Ni le Service de police de la Ville de Montréal (SPVM) ni la GRC n’ont voulu confirmer officiellement ce volet de l’affaire jeudi malgré les nombreuses questions de La Presse. Mais selon nos sources, l’information cruciale amassée dans le dossier antiterroriste s’est ajoutée à celles obtenues par les enquêteurs du SPVM chargés de l’enquête sur l’agression de Sanjay Vig. Ceux-ci ont passé au peigne fin une énorme quantité de données sur les téléphones qui s’étaient connectés aux tours de télécommunication dans le secteur où s’était produite l’agression. Ils ont fait des prélèvements d’ADN.

Son ADN obtenu à Toronto

Un autre volet de l’enquête concernait un véhicule Hyundai Elantra rouge qui avait été volé le 25 janvier et utilisé par le suspect trois jours plus tard lors de l’attaque, ainsi qu’un Honda CR-V noir qui avait lui aussi été volé le 25 janvier et avait ensuite été abandonné à Toronto. Des enquêteurs ont passé au peigne fin les dossiers récents de vols de voitures à Montréal à la recherche d’autres cas portant la signature caractéristique du suspect, qui semblait un voleur de véhicules expérimenté.

PHOTO PATRICK SANFAÇON, ARCHIVES LA PRESSE

Le véhicule Hyundai Elantra rouge qui avait été volé le 25 janvier et utilisé par le suspect trois jours plus tard lors de l’attaque contre le policier Sanjay Vig

Toutes ces pistes ont mené les enquêteurs vers Ali Ngarukiye, 21 ans, ancien résidant d’Oshawa, en Ontario, qui avait passé un certain temps à Montréal au cours de la dernière année. L’homme a été pris en filature dans la région de Toronto, et c’est ainsi que son ADN a été obtenu. Une analyse menée par le Laboratoire de sciences judiciaires et de médecine légale est venue conforter les soupçons des policiers.

L’ADN du suspect a été trouvé sur la scène de crime et l’ADN de la victime a été trouvé sur des objets en possession du suspect.

David Shane, inspecteur du SPVM

Le mobile de l’attaque n’a pas encore été précisé. Le suspect avait reçu un constat d’infraction à Montréal l’an dernier alors qu’il circulait en voiture, mais il avait été remis par un agent de la Sûreté du Québec, selon les dossiers du palais de justice. Le suspect avait aussi été arrêté par le SPVM pour des vols de voitures l’été dernier, mais son procès n’avait toujours pas eu lieu. Selon la police, il a des antécédents de fraude en Ontario. Les enquêteurs croient qu’il a agi seul le soir de l’agression.
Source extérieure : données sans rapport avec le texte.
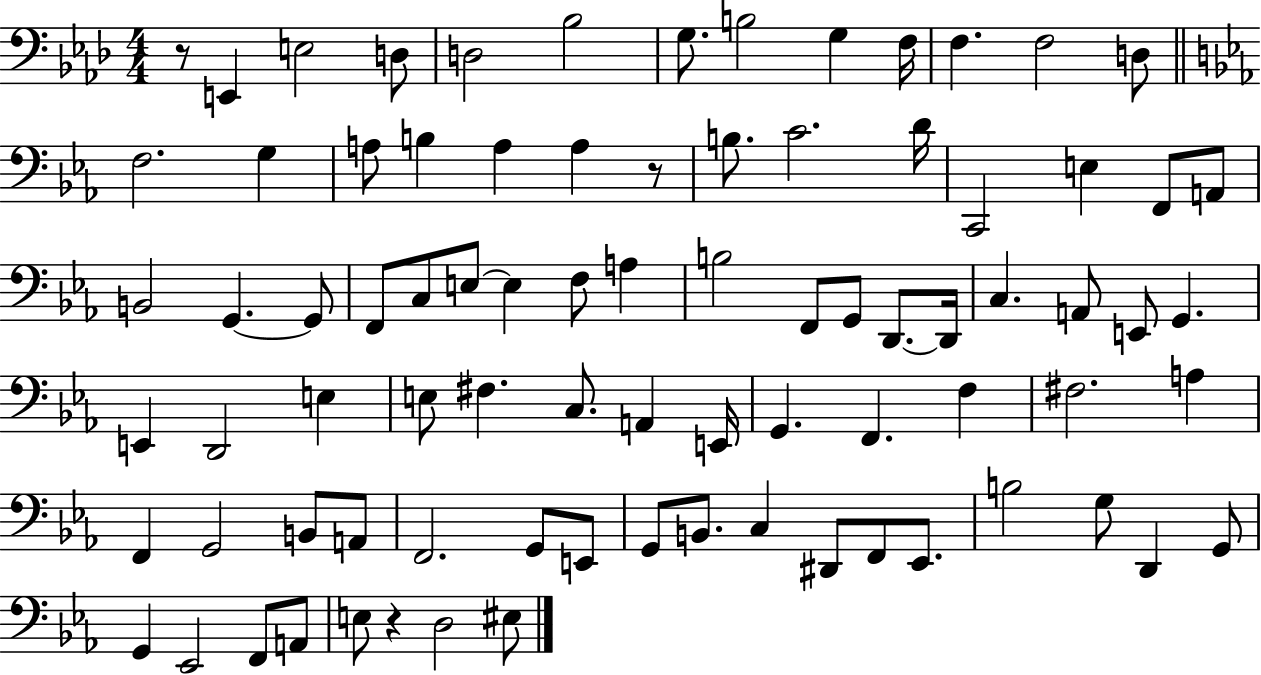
{
  \clef bass
  \numericTimeSignature
  \time 4/4
  \key aes \major
  \repeat volta 2 { r8 e,4 e2 d8 | d2 bes2 | g8. b2 g4 f16 | f4. f2 d8 | \break \bar "||" \break \key ees \major f2. g4 | a8 b4 a4 a4 r8 | b8. c'2. d'16 | c,2 e4 f,8 a,8 | \break b,2 g,4.~~ g,8 | f,8 c8 e8~~ e4 f8 a4 | b2 f,8 g,8 d,8.~~ d,16 | c4. a,8 e,8 g,4. | \break e,4 d,2 e4 | e8 fis4. c8. a,4 e,16 | g,4. f,4. f4 | fis2. a4 | \break f,4 g,2 b,8 a,8 | f,2. g,8 e,8 | g,8 b,8. c4 dis,8 f,8 ees,8. | b2 g8 d,4 g,8 | \break g,4 ees,2 f,8 a,8 | e8 r4 d2 eis8 | } \bar "|."
}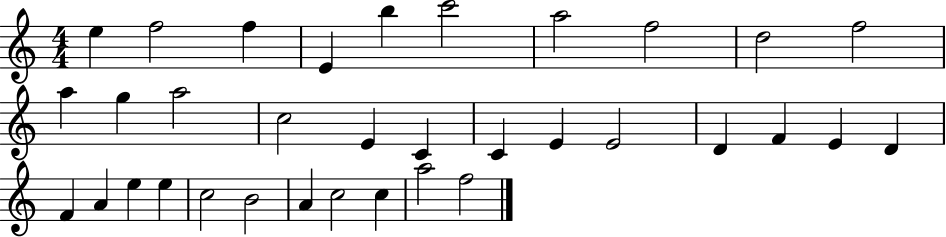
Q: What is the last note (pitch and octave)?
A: F5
« On n’est pas encore en mesure de conclure sur le mobile, mais ce que je peux vous dire, c’est que le suspect n’a jamais reçu une contravention de la part de l’agent Vig », a dit l’inspecteur Shane.

Arrêté par le SWAT de Toronto

Ali Ngarukiye a été arrêté jeudi à Toronto par le SWAT de la police de la Ville Reine. Il doit comparaître au palais de justice de Montréal ce vendredi sous plusieurs chefs d’accusation, notamment tentative de meurtre, voies de fait graves, avoir désarmé un agent de la paix et avoir fait feu avec une arme à feu prohibée, ainsi que vol de deux voitures.

Des policiers de Montréal, dont certains sont accrédités comme agents de la paix en Ontario afin de pouvoir évoluer avec leur arme sur le terrain, se sont rendus sur place pour participer à l’opération jeudi. Des enquêteurs de l’EISN étaient aussi sur place.

Selon nos informations, l’arrestation a eu lieu tôt dans la journée, mais le SPVM a attendu avant de la rendre publique pour donner du temps aux agents qui menaient des perquisitions dans différents endroits fréquentés par M. Ngarukiye, notamment à Montréal.

Jeudi soir, l’arme de service du policier agressé n’avait toujours pas été retrouvée, mais les recherches se poursuivaient. Rappelons que le soir de l’agression, Sanjay Vig aurait été attaqué par-derrière alors qu’il revenait à son véhicule après avoir remis un constat d’infraction à un automobiliste. Le policier a été sévèrement battu à coups de bâton. Le suspect a ensuite pris son arme et a tiré dans sa direction sans l’atteindre.

Cette arrestation contribuera, nous l’espérons, au retour d’un sentiment de quiétude et de paix pour la victime, l’agent Vig, ainsi que pour la population montréalaise.

David Shane, inspecteur du SPVM

L'inspecteur Shane est aussi revenu sur le cafouillage des premières heures après l’agression, qui avait mené à une erreur sur la personne et à l’arrestation de Mamadi III Fara Camara, chargé de cours de Polytechnique qui n’avait rien à se reprocher et qui avait vu sa vie bouleversée.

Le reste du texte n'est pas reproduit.